● **Work to complete**: Using the records below, copy exactly the part that opens with the line holding "Cartoon mother and" and closes with the line holding "A Group of Four", minus the pictures.

● **Records for the task**:
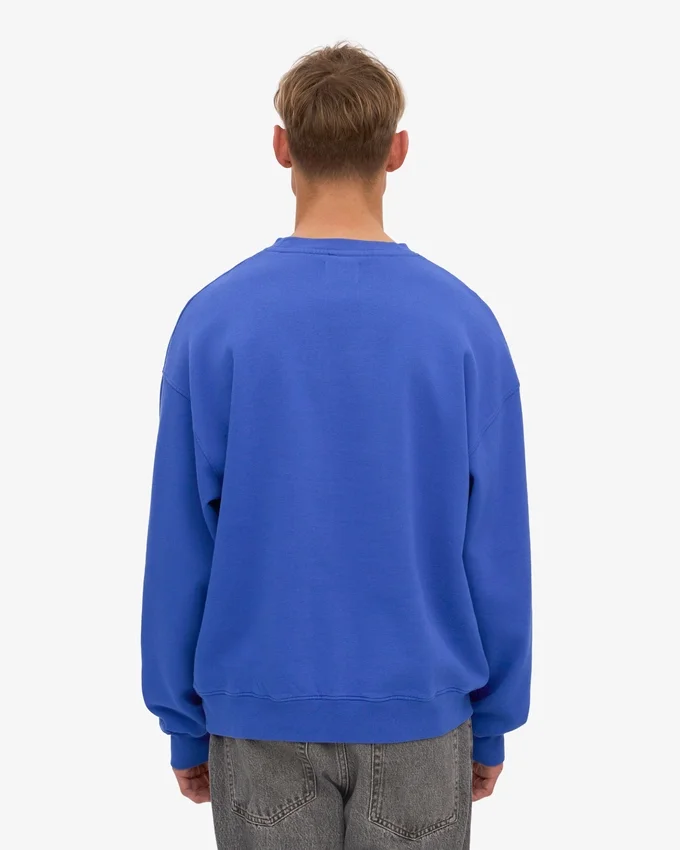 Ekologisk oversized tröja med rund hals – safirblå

---

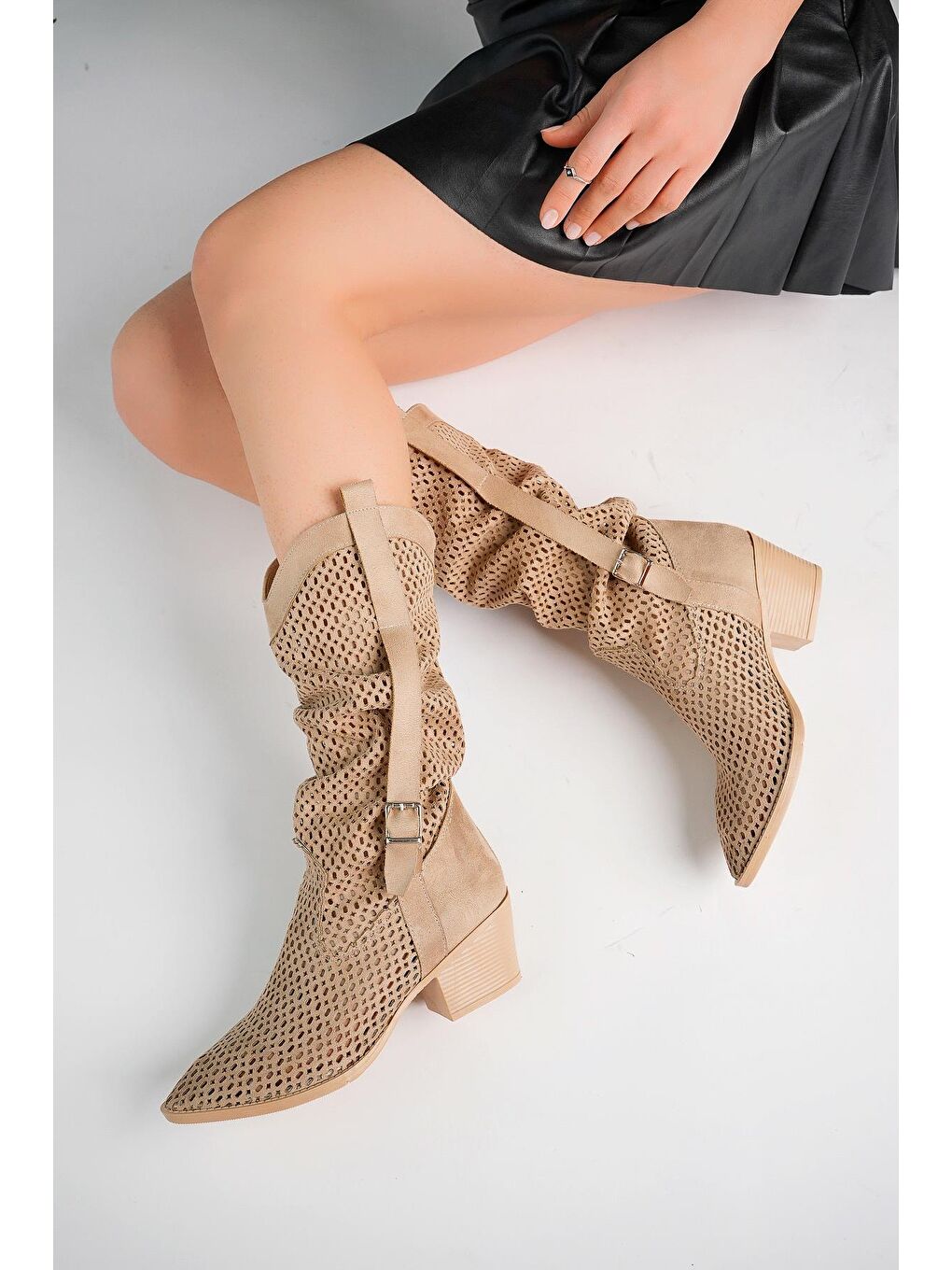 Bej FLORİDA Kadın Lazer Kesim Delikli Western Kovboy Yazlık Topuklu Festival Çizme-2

* * *

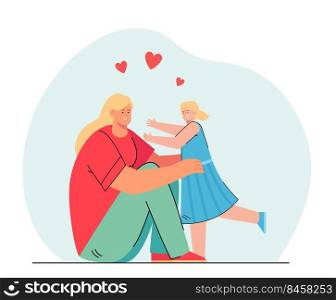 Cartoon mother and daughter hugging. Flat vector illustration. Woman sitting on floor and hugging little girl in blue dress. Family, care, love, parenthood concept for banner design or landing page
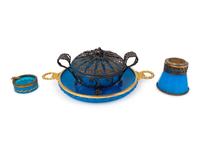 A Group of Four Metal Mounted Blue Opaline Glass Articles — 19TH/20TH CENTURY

● **Exercise result**:
 Cartoon mother and daughter hugging. Flat vector illustration. Woman sitting on floor and hugging little girl in blue dress. Family, care, love, parenthood concept for banner design or landing page
 A Group of Four Metal Mounted Blue Opaline Glass Articles — 19TH/20TH CENTURY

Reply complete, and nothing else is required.